# Have a word....



## Lollypop86 (Oct 26, 2013)

So I've put Mullums LED side lights on, posted on the book of face, told by 1 person they are illegal, told by another person they will blow up......now because I havent bowed down to them and told them I am very happy with them and will not be removing them and I havent kissed their arse I'm apparently trying to be a car god?! Have a fuckin word you dinlo......URGH PEOPLE

J
xx


----------



## Skeee (Jun 9, 2009)

But I'm not on FaceAche? :?

_Is dinlo a pikey term? Just saying._  
http://www.urbandictionary.com/define.php?term=dinlo


----------



## brian1978 (Jul 10, 2013)

Facebook. The only thing I use it for is keeping in touch with old friends. The very second you deviate from that and go on open discussion forums it becomes full retard. :lol:

Best to stay off it if you like to have intelligent discussions.


----------



## SalsredTT (Jan 8, 2011)

brian1978 said:


> Facebook. The only thing I use it for is keeping in touch with old friends. The very second you deviate from that and go on open discussion forums it becomes full retard. :lol:
> 
> Best to stay off it if you like to have intelligent discussions.
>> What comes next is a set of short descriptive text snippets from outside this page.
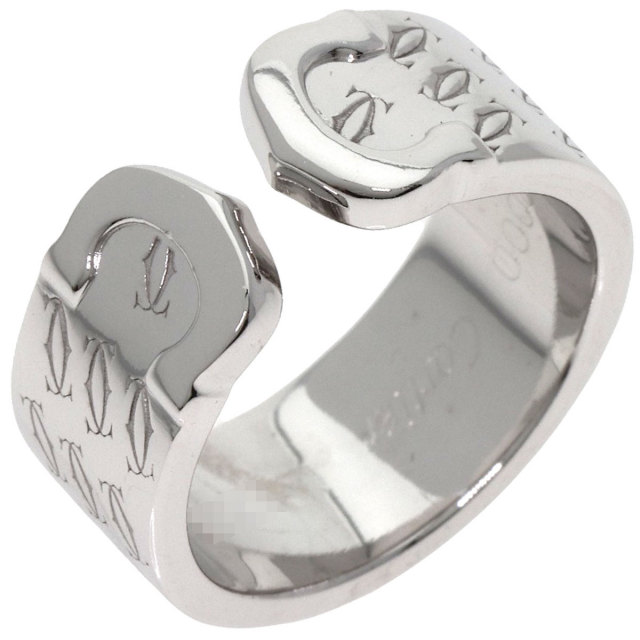 CARTIER カルティエ C2 2000年 クリスマス限定 #50 リング・指輪 K18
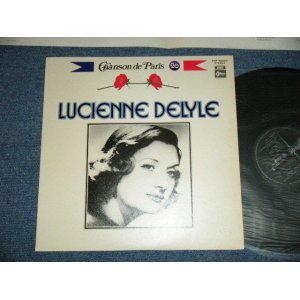 Photo: LUCIENNE DELYLE リシェンヌ・ドリール -  CHANSON DE PARIS Volume 20 LUCIENNE DELYLE リシェンヌ・ドリール  　シャンソン・ド・パリ　第20集 (Ex++/MINT-)   / 1970's JAPAN Used LP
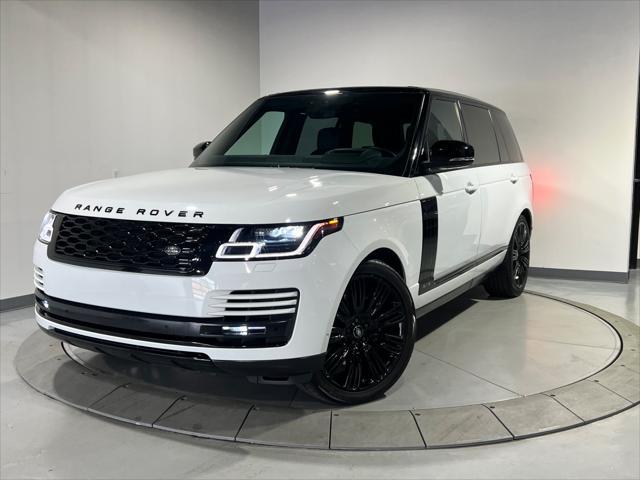 used 2021 Land Rover Range Rover car, priced at $51,990
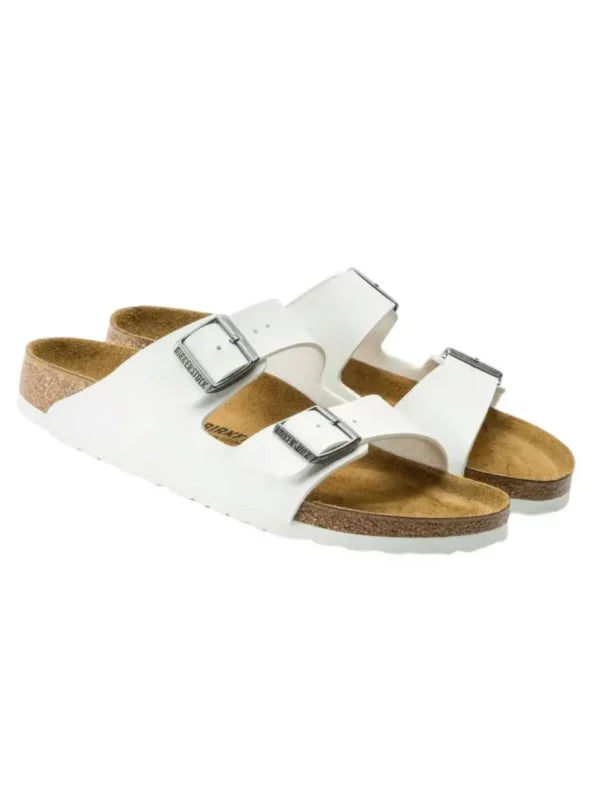 BIRKENSTOCK – ARIZONA WHITE BIRKO-FLOR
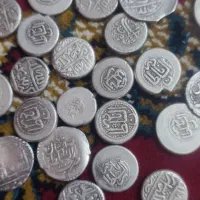 سکه نقره اشیا قدیمی|کلکسیون سکه، تمبر، اسکناس|شاهین‌شهر, مخابرات (شهید بهشتی)|دیوار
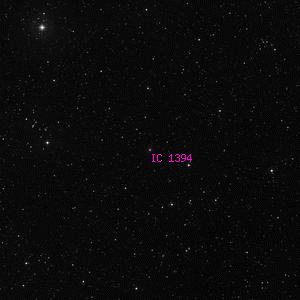 DSS image of IC 1394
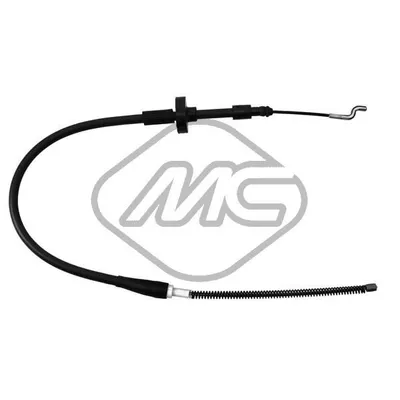 Трос ручника VW TRANSPORTER T4 ALL-CALIFORNIA-1/8-2/0 T4 CARAVELLE-MULTIVAN DS 1/9-2/4-2/5 DX/S Metalcaucho 80418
Quite right - its a useful tool to chat with daughter and grandson during the course of the day without bothering with the phone, but otherwise its a work of Satan!!

I can't believe how much personal info some people put on there - tracking a huge majority of our tenants is sooooo easy!!


----------



## Lollypop86 (Oct 26, 2013)

I just don't get how someone has come to the conclusion I think I'm a car god because I've got LED side lights lol

J
Xx


----------



## Skeee (Jun 9, 2009)

But you _are_ a car god_dess_.

p.s.
_What is_ a cargod/goddess?


----------



## Lollypop86 (Oct 26, 2013)

Fuck knows

J
Xx


----------



## Skeee (Jun 9, 2009)

No need to get abusive! [smiley=bigcry.gif]


----------



## Skeee (Jun 9, 2009)




----------



## Lollypop86 (Oct 26, 2013)

Lmfao

J
Xx


----------



## brian1978 (Jul 10, 2013)

Skeee said:


> View attachment 1


----------



## Lollypop86 (Oct 26, 2013)

ha ha ha 

J
xx


----------